Allí conoció a John Finley, otro cazador que había recorrido el oeste de Kentucky y cuyas historias despertaron aún más si cabe el afán aventurero del joven Daniel. Aunque aún no había llegado el momento para que persiguiera sus sueños de explorador ya que hubo de retornar para colaborar en la granja familiar y contrajo matrimonio con Rebecca Bryan con quien llegaría a tener 10 hijos. Pero la vida seguiría sin ser fácil para Boone, en 1759 Yadkin fue atacado por los indios Cheroquis y muchos de los colonos, incluyendo él y su familia, decidieron mudarse al condado de Culpepper, en Virginia. Tres años después regresó a carolina del Norte, al mismo valle Yadkin y sirvió en la milicia de aquel territorio durante la guerra, para una vez finalizada esta trabajar durante largo tiempo como cazador profesional hasta que debido al aumento de la población en el valle, la caza comenzó a escasear, provocándole graves problemas económicos al ver reducidos sus ingresos y viéndose obligado a tener que vender sus tierras ante las deudas contraídas. 

Preparó entonces su marcha buscando un futuro más prometedor hacia La Florida, ya territorio británico tras el fin de la guerra, y compró terrenos en la colonia de Pensacola, encontrándose a su vuelta a Virginia para recoger a su familia con que su mujer se negara a ir a vivir a las nuevas tierras. Entonces se adentró con su familia en una zona más remota del mismo valle Yadkin y comenzando a cazar en terriotorios más al Oeste por las montañas Blue Ridge en Tennessee. En mayo de 1769 se unió a su viejo amigo John Finley para participar en la expedición de caza liderada por este que recorrería durante un par de años las tierras de Kentucky, encontrándose con un verdadero paraíso de infinitos y verdes prados ideales para el asentamiento de colonos y en los que se prometió a sí mismo que algún día se asentaría allí con su familia. Pero en diciembre fue apresado junto a sus compañeros por los indios Shawnis...

Continuará.
Autor: Ramiro Mieres "Cuchillo de Lobo"

Daniel Boone (Cap.2)

En el anterior capítulo vimos que Daniel Boone En mayo de 1769 se había unido a su viejo amigo John Finley en la expedición de caza liderada por este que recorrería durante un par de años las tierras de Kentucky y que en diciembre fueron apresados junto a sus compañeros por los indios Shawnis para quienes aquellas tierras eran una zona tradicional de caza.

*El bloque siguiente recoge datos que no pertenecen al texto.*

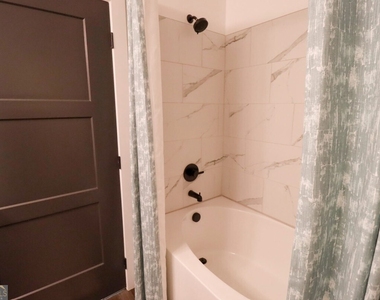 305 Collins Industr Way - Photo Thumbnail 8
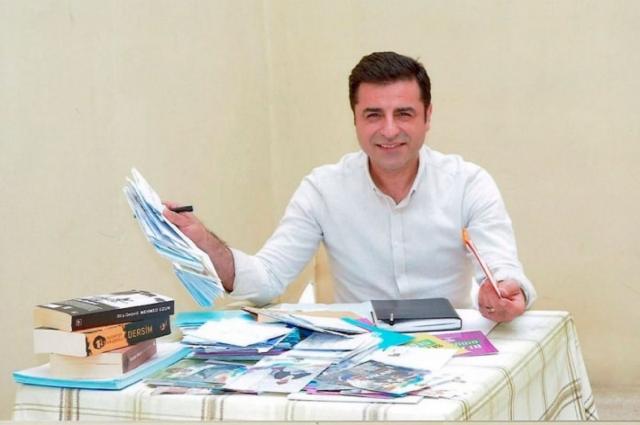 Van'da belediye başkanlığının AK Parti'ye geçmesine ilişkin Selahattin Demirtaş açıklama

Estos finalmente después de quitarles todas las pieles que habían conseguido cazando les pusieron en libertad no sin advertirles de que no volvieran por allí. Sin embargo haciendo caso omiso de las advertencias Boone siguió sus correrías de exploración y caza en los terriotios de Kentucky y Tennessee, siendo entonces cuando dio a conocer la luego conocida como Wilderness Road, que atravesaba los Apalaches através del desfiladero de Cumberland y fundó en su salida occidental Fort Boonesboro, una de las primeras colonias asentadas al Oeste de los Apalaches. Por este paso antes de finalizar el siglo XVIII se adentrarían más de 200.000 colonos rumbo al Oeste, aunque no fue para nada sencillo y como veremos para llegar a esto antes habrían de solucionarse no pocos problemas.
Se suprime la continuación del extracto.